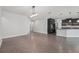 Open-concept living space with tile flooring, ample room for entertaining, and easy access to the kitchen at 6706 Riverside Bluffs Dr, Riverview, FL 33578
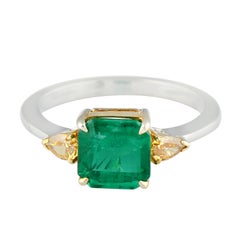 Princess Cut Emerald and Pear Shape Yellow Diamond Ring in 18 Karat Gold
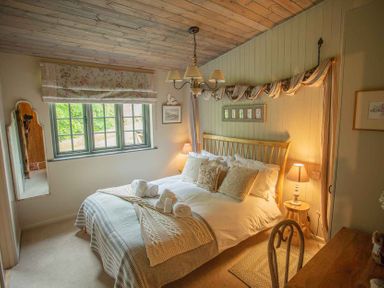A bedroom with a wooden bed frame and bedside lamps at The Owl's Shack in Kendal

________________________________________

◆ EXERCISE AIM: The reply must consist of the complete listing, reproduced exactly, with no images.

◆ TASK RESULT:
 Open-concept living space with tile flooring, ample room for entertaining, and easy access to the kitchen at 6706 Riverside Bluffs Dr, Riverview, FL 33578
 Princess Cut Emerald and Pear Shape Yellow Diamond Ring in 18 Karat Gold
A bedroom with a wooden bed frame and bedside lamps at The Owl's Shack in Kendal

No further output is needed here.